Trust in the workplace is a hot topic this year, and T+D has published its fair share of articles examining this trend. In last month's issue, "Tuning In to Trust" cited a recent study by Interaction Associates on trust levels at work. The study found that trust took a nosedive since 2009 and has continued to decline each year during the recession. In 2012 barely a quarter of respondents indicated that they trust their leadership.

Although many employees are skeptical of their leaders, nearly three-quarters report that they are very much to moderately inclined to trust their colleagues, according to a recent survey by Lee Hecht Harrison, a career transition and development consulting firm. The survey reached 475 U.S. employees and asked, "How strongly do you trust your co-workers?" Thirty-four percent of respondents say "very much," 38 percent say "moderately," 17 percent say "slightly," and 11 percent say "not at all."

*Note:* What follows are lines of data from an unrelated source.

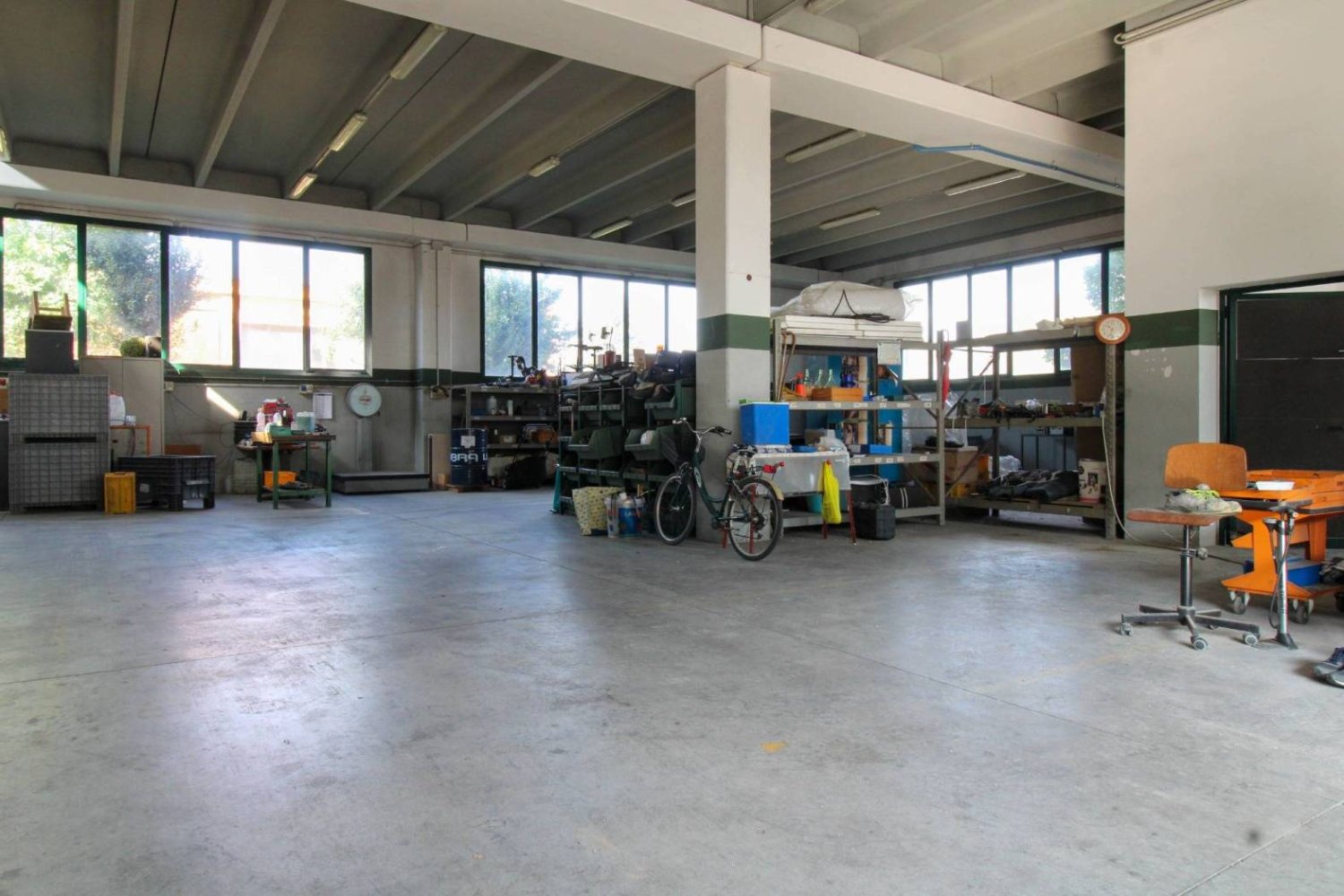 2 rooms Warehouse in Roccafranca, Italy No. 80099
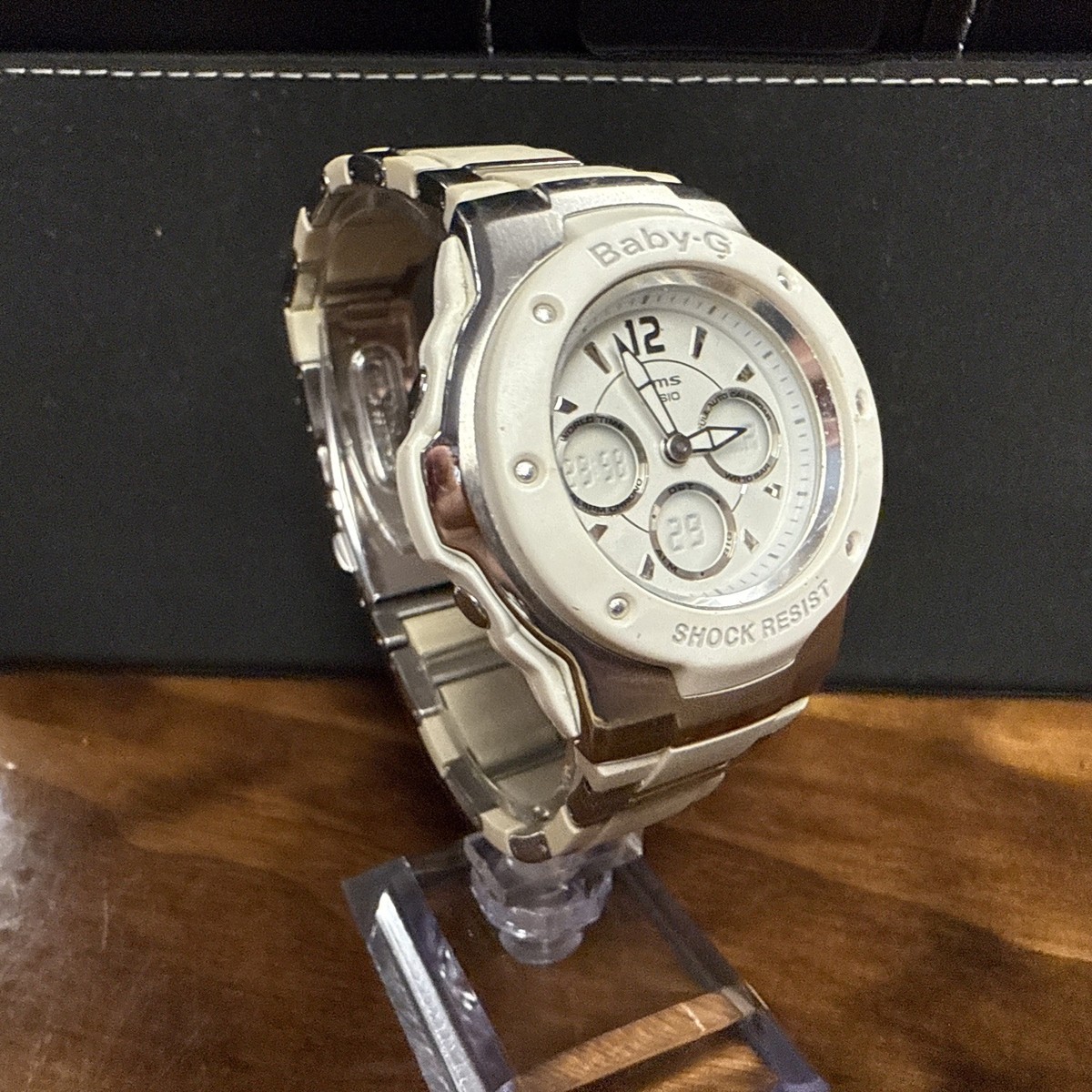 Ladies Casio Baby-G G-ms Round White Silver Tone Digital Watch MSG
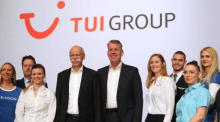 Der Vorstandsvorsitzende des deutschen TUI Konzerns, Friedrich Joussen (5-R) und der TUI Aufsichtsratsvorsitzende Dieter Zetsche (4-L), vor der Hauptversammlung des TUI Konzerns in Hannover. Foto: epa/Focke Strangmann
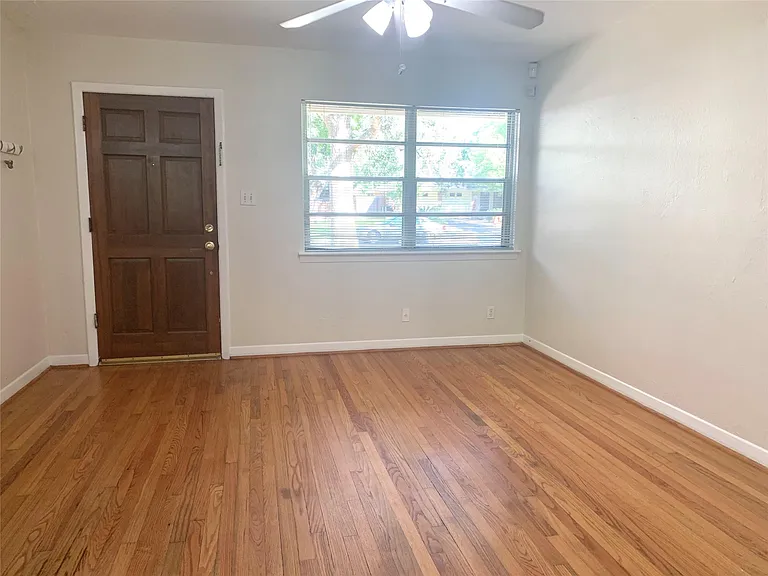 4427 Warm Springs Rd — Photo 4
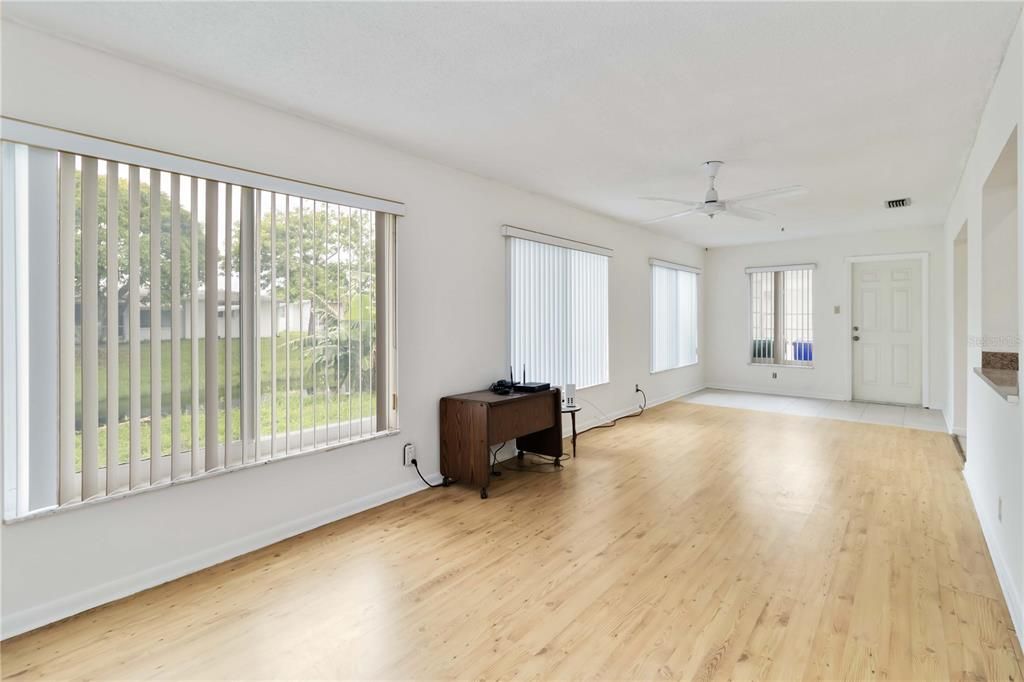 待售: $410,000 (2 贝兹, 2 浴室, 1587 平方英尺)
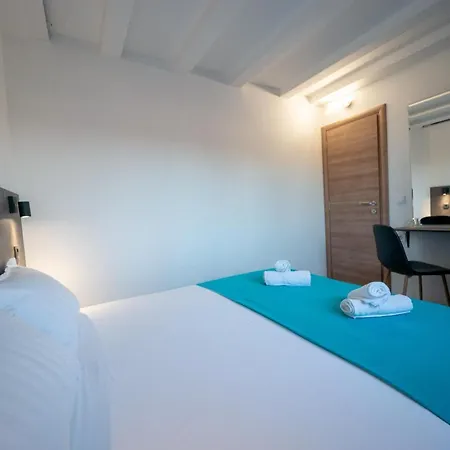 Vinky * Pula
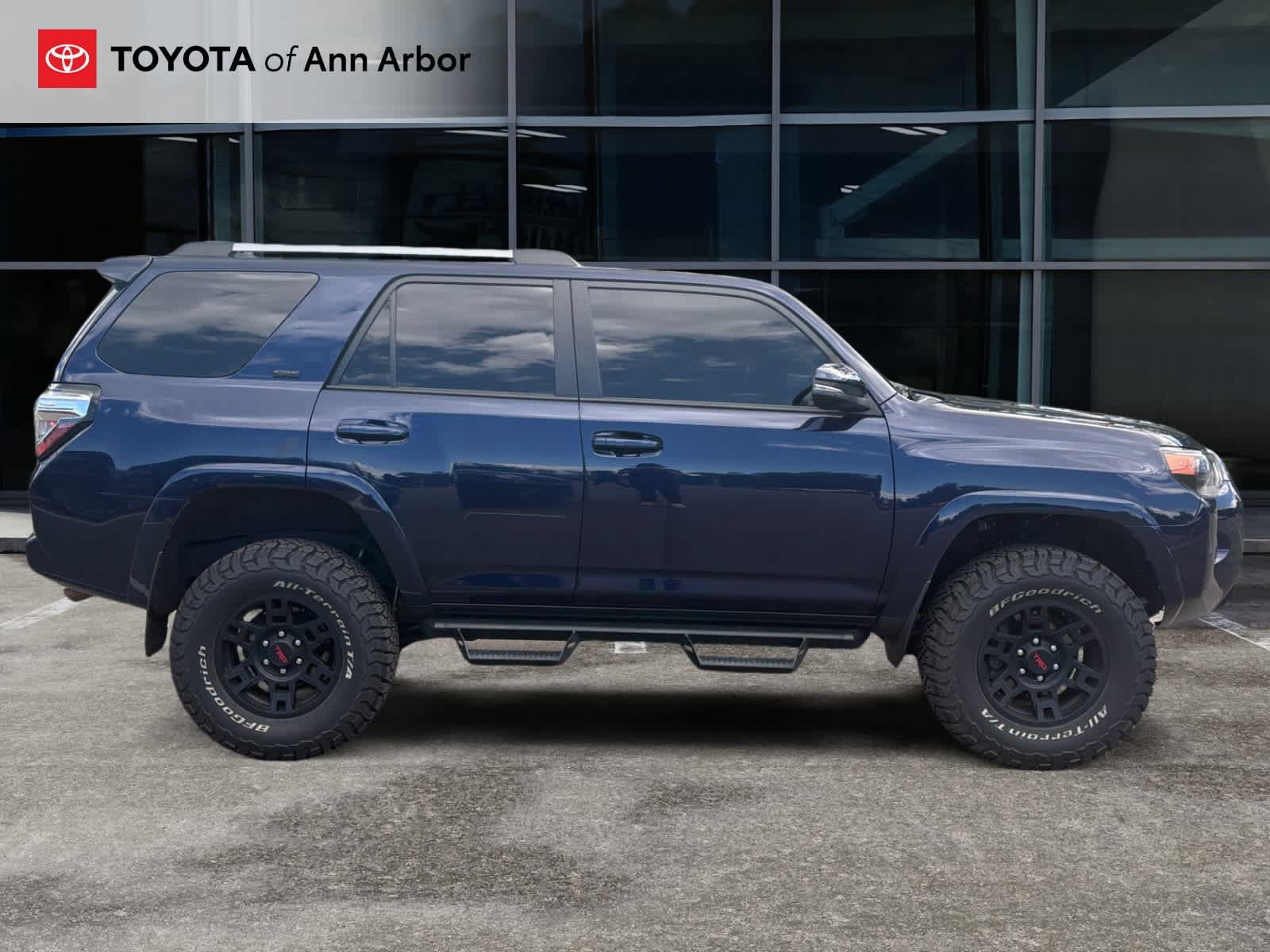 Used 2024 Toyota 4Runner SR5 Premium w/ Moonroof Package AWD/4WD image 5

These findings show that while the relationship between employee and employer lacks trust, employees have built trusting relationships with one another. According to JC Heinen, senior vice president and leadership development global practice leader for Lee Hecht Harrison, several behaviors that help to establish and maintain trust in peer-to-peer relationships occur much more frequently among co-workers such as time spent together, regular communication, and social interaction outside of work.

Heinen adds that leaders can use some of these behaviors to build organizational trust—find opportunities to connect, stay visible, communicate more, and show genuine interest in employees. "Trust forms the foundation for higher levels of retention, productivity, and performance—critical to getting the 'above and beyond' behaviors that contribute to organizational success."